Saturday, September 11, 2010

Tipping points and critical slowing down

Malcolm Gladwell's bestseller The Tipping Point popularized that key concept taken from complex system theory and, in particular, illustrated its significance for social systems. One of the central areas of recent research on tipping points has focused on trying to identify when they are about to occur. In other words, what changes are apparent in the system immediately before it reaches the 'tipping point', changes which could be observed and used to predict the likely onset of a system's transition to another equilibrium state?

One such phenomena has been labeled 'critical slowing down,' the decreasing rate of recovery from small disturbances to a system as it approaches a tipping point. In other words, when a system is close to a tipping point, it can take a long time to recover from even a very small disturbance. John M. Drake & Blaine D. Griffen recently reported the first experimental demonstration of such a process in a biological system "Early warning signals of extinction in deteriorating environments" (doi:10.1038/nature09389). Here is a summary of the key points from ScienceDaily:
The paper, published in the early online edition of the journal Nature, describes a study of the fluctuations in experimental populations of water fleas (Daphnia magna) undergoing environmental stress until they reach a tipping point beyond which they do not remain viable. The study is unique in its careful comparison of these stressed populations with other, healthy populations in the context of new theories about dynamic systems undergoing transitions at a tipping point. ...
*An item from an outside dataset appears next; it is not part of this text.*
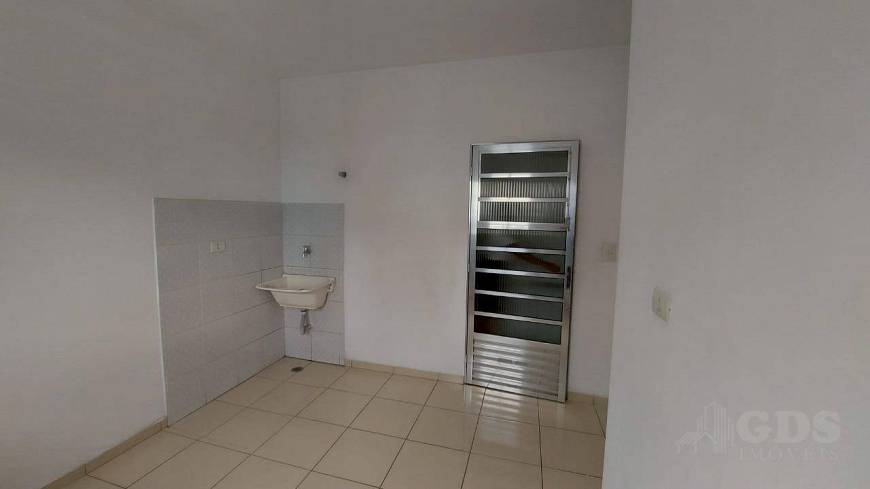 Foto 1 de Apartamento com 1 Quarto para alugar, 30m² em Vila Mangalot, São Paulo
The experiment featured populations of water fleas that were assigned to either deteriorating environments (in this case, declining levels of food) or stable environments (the control group). The experiment lasted for 416 days, when the last population in the deteriorating environment group became extinct. Depending upon the amount of food they received, populations in the deteriorating environment group reached the population viability tipping point after approximately 300 days. Populations in the control group never reached it; those populations persisted.
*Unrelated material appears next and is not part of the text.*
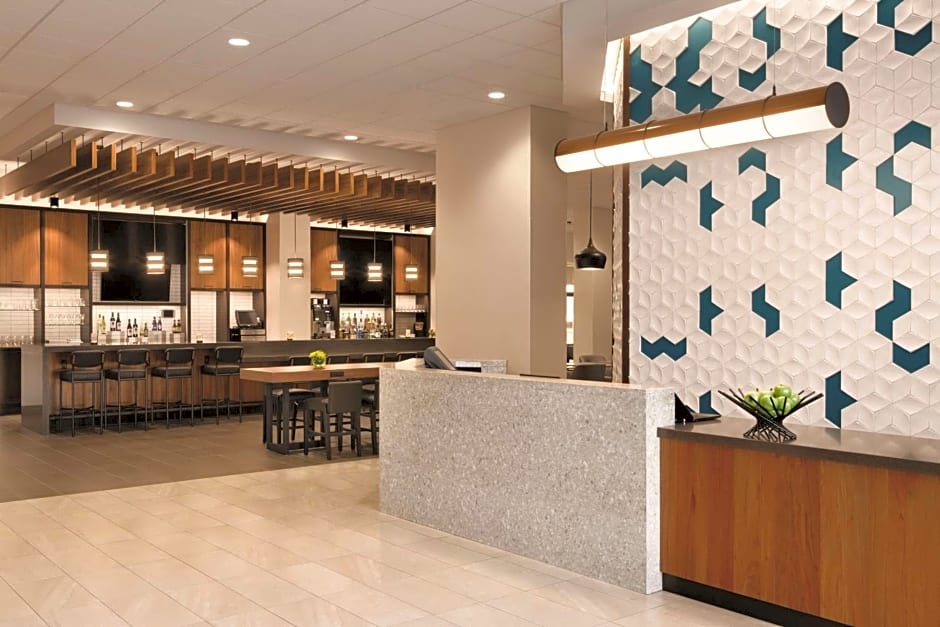 Hyatt Place Chicago O'Hare Airport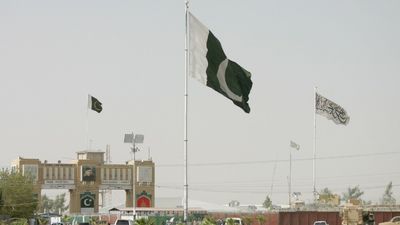 Pakistan, Afghanistan pledge coordination on border crossings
The researchers next looked at a variety of statistical indicators, early warning signals that could detect the onset of CSD and thereby predict the approach to a tipping point. They compared the indicators with the timing of the decrease in food and with the achievement of the tipping point, mathematically referred to as a "transcritical bifurcation." They found that each of the indicators -- some more strongly than others -- showed evidence of the approaching tipping point well before it was reached.

According to Drake, what is even more important is the generality such statistical indicators are expected to exhibit. That is, although precise quantitative models are required to predict most natural phenomena -- in any domain of science -- with any degree of accuracy, the theory of critical slowing down applies qualitatively anytime a bifurcation is in the vicinity. "You don't have to know the underlying equations to use the theory," Drake said, "and this is important in biology, where the dynamics are typically sufficiently complex that we often do not know which equations to use. In fact, we may never come to such a complete understanding, given the range of biodiversity out there and the fact that species are evolving all the time."

1 comment:

  1. thanks, this is a great post--slow--and/or incomplete?-- recovery from a disturbance.